Amnesty International prie les États et les entreprises de reconnaître le chiffrement comme un droit fondamental de tout citoyen, et de garantir le niveau optimum de protection des communications. Faudra-t-il un traité ?

En marge de l’affaire Apple vs FBI dans laquelle elle a décidé d’intervenir, Amnesty International a demandé cette semaine que le chiffrement soit reconnu comme un droit de l’homme à part entière, duquel dépend le bénéfice effectif d’autres droits fondamentaux. Une lecture saine pour Bernard Cazeneuve, qui s’est encore attaqué cette semaine au « Darknet » et aux « messages chiffrés » qu’utiliseraient les terroristes.

« Le chiffrement est un prérequis de base pour la vie privée et la liberté d’expression à l’ère du numérique. Bannir le chiffrement serait comme bannir les enveloppes et les rideaux. Cela retire un outil fondamental pour que votre vie privée reste privée », estime Sherif Elsayed-Ali, le directeur adjoint d’Amnesty International pour les enjeux mondiaux.
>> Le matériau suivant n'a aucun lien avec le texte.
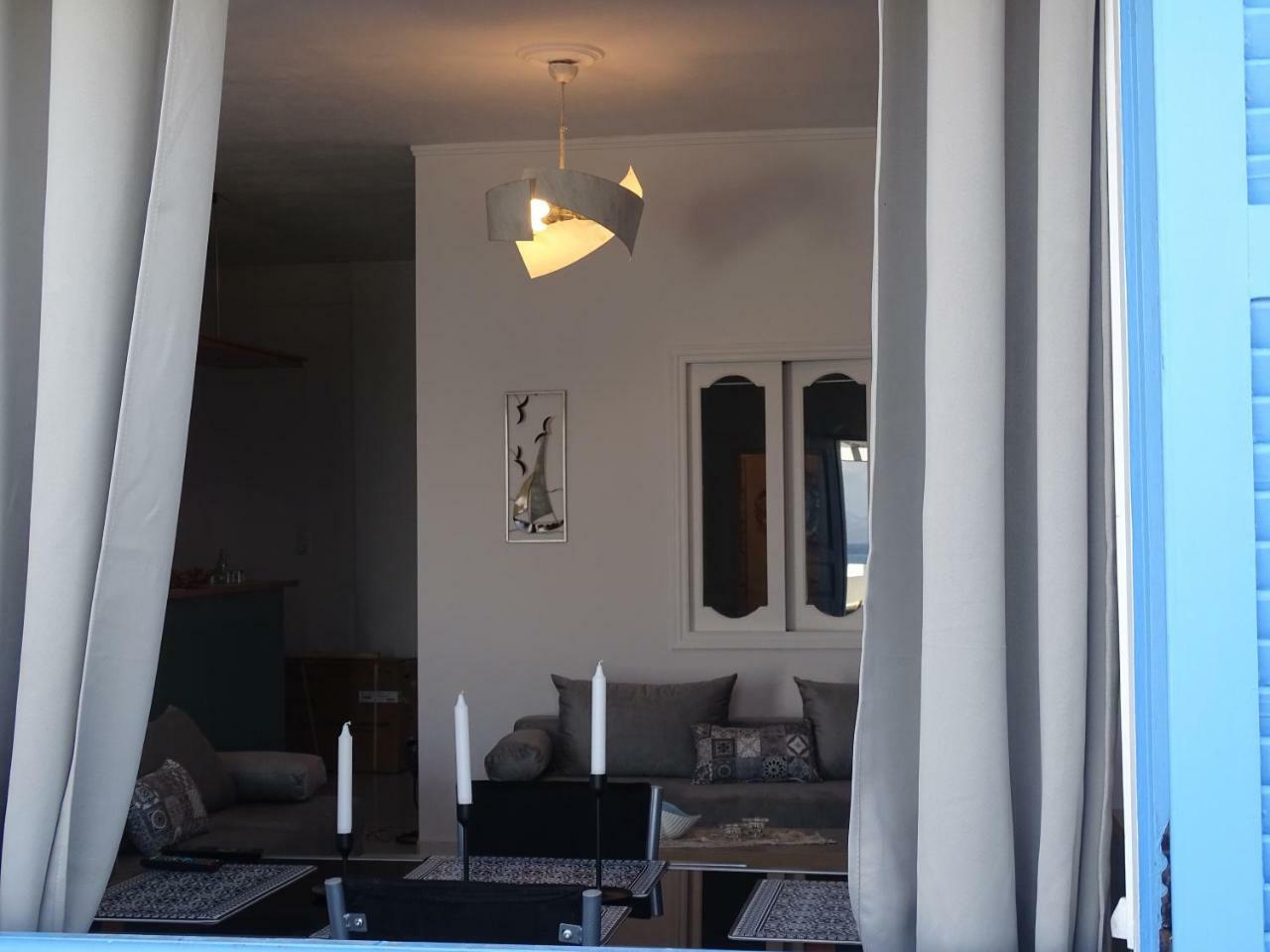 Nama Beach House Monolithos  Ngoại thất bức ảnh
« Les gouvernements qui tentent de fragiliser le chiffrement devrait y penser à deux fois avant d’ouvrir cette Boîte de Pandore. Affaiblir la vie privée en ligne pourrait avoir des conséquences désastreuses pour les sociétés libres, particulièrement pour les activistes des droits de l’homme et les journalistes qui demandent des comptes à nos dirigeants ».

Affaiblir la vie privée en ligne pourrait avoir des conséquences désastreuses pour les sociétés libres

L’association demande aux États de se refuser toute exigence de backdoors qui leur permettrait d’accéder en clair aux communications ou aux archives des individus, d’assurer un cadre légal qui autorise le chiffrement fort, et demande aux entreprises elles-mêmes de prendre la mesure de leurs obligations morales et juridiques de protection des données.

Sans apporter de précisions sur ce point, pourtant essentiel, Amnesty International admet toutefois qu’il est des « circonstances limitées dans lesquelles le chiffrement peut être restreint, par exemple lorsque les restrictions sont nécessaires pour atteindre un but légitime, et sont proportionnées à l’objectif pour lequel elles sont imposées ».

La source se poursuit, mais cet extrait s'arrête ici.